The Eden Gardens is a cricket ground in Kolkata, India. It is one of the main international cricket venues of India and often called the "Mecca of Indian cricket". It is the home of the Bengal cricket team and the Kolkata Knight Riders, as well as being a Test, One Day International (ODI) and Twenty20 International (T20I) venue. As of 2020, the Eden Gardens has hosted more than 40 Test matches, the first of which was in January 1934 when India played the touring England team. These include the first ever day/night Test match in India which was hosted between 22 and 24 November 2019, when India played the visiting Bangladesh team. The first ODI played at the ground was between India and Pakistan on 18 February 1987. As of 2020, 30 ODIs have been played at the ground.

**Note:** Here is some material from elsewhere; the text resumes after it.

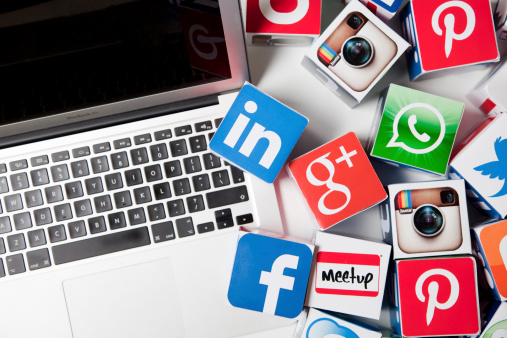 London, United KIngdom- September 24, 2013: Apple laptop alongside social media logos printed onto handmade cubes. Logos include google plus, Facebook and Linkedin. Social media uses web and mobile technology to connect people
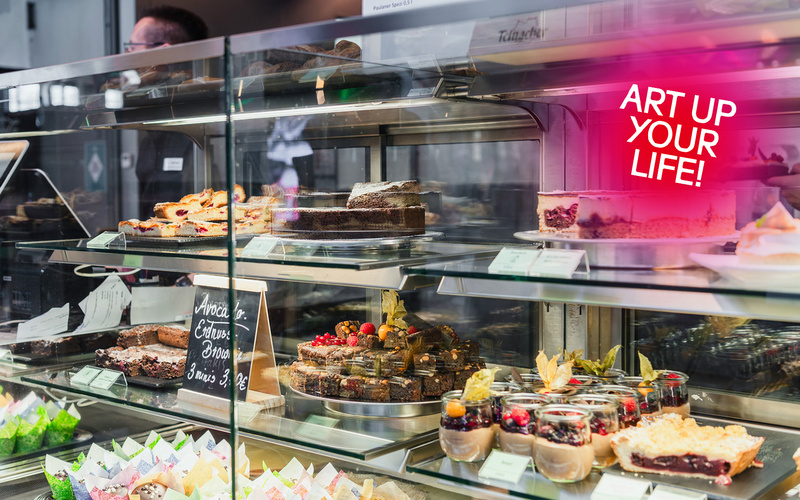 Zu sehen ist eine Theke mit verschiedenen Angeboten wie Kuchen und Muffins.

The first Test century scored at the ground was in December 1948, by Everton Weekes of the West Indies. He scored 162 runs in the first innings. In the same match Syed Mushtaq Ali of India scored 106 in the fourth innings, thus becoming the first Indian to have scored a century at the Eden Gardens. To date, 77 Test centuries have been scored at the ground. VVS Laxman's 281, scored against Australia in March 2001, during the famous second test of Border-Gavaskar Trophy, is the highest individual Test score achieved at the ground. The highest individual Test score by an overseas player is 256, scored by Rohan Kanhai of the West Indies in December 1958. Mohammad Azharuddin and VVS Laxman have scored five Test centuries each, the highest number of Test centuries scored by an individual player at the ground. During the second Test of the India–South Africa Test series held in February 2010 at the ground, a total of seven centuries were scored between the two teams. This is the highest number of centuries scored in a single Test match at the ground.

The first ODI century scored at the ground was by Kris Srikkanth of India on 18 February 1987. He scored 123 runs in the first innings against Pakistan. The first century scored by an overseas player was on 1 November 1989 by Desmond Haynes of the West Indies. He scored an unbeaten 107 runs against India. To date, 13 ODI centuries have been scored at the ground. Rohit Sharma's 264, scored against Sri Lanka on 13 November 2014, is the highest individual ODI score achieved at the ground as well as the highest individual score of all time in ODIs. The highest individual ODI score by an overseas player is 134 not out, scored by Graeme Smith of South Africa on 25 November 2005. No player has scored more than one ODI century at the ground. Two centuries were scored during the ICC World Cup in 2011. Ryan ten Doeschate of the Netherlands scored 106 runs and Paul Stirling of Ireland scored 101 runs in the first and second innings respectively of the same match on 18 March 2011.

The first T20I was played between India and the touring England team on 29 October 2011. As of 2020, seven T20I matches have been played at the ground. To date, no T20I centuries have been scored at the ground.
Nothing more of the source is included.